(PROVIDED DATA)
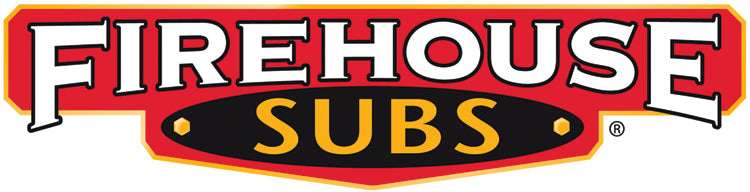 Firehouse Subs
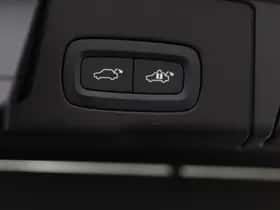 Volvo XC60 thumbnail 45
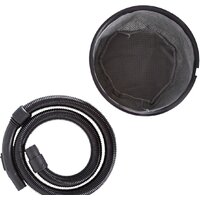 Пылесос Bort BSS-1325 - Изображение №8 — Chaika Market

(WHAT THE EXERCISE ASKS) Leave the pictures out and return the rest of the material exactly.

(OUTPUT OF THE EXERCISE)
 Firehouse Subs
 Volvo XC60 thumbnail 45
 Пылесос Bort BSS-1325 - Изображение №8 — Chaika Market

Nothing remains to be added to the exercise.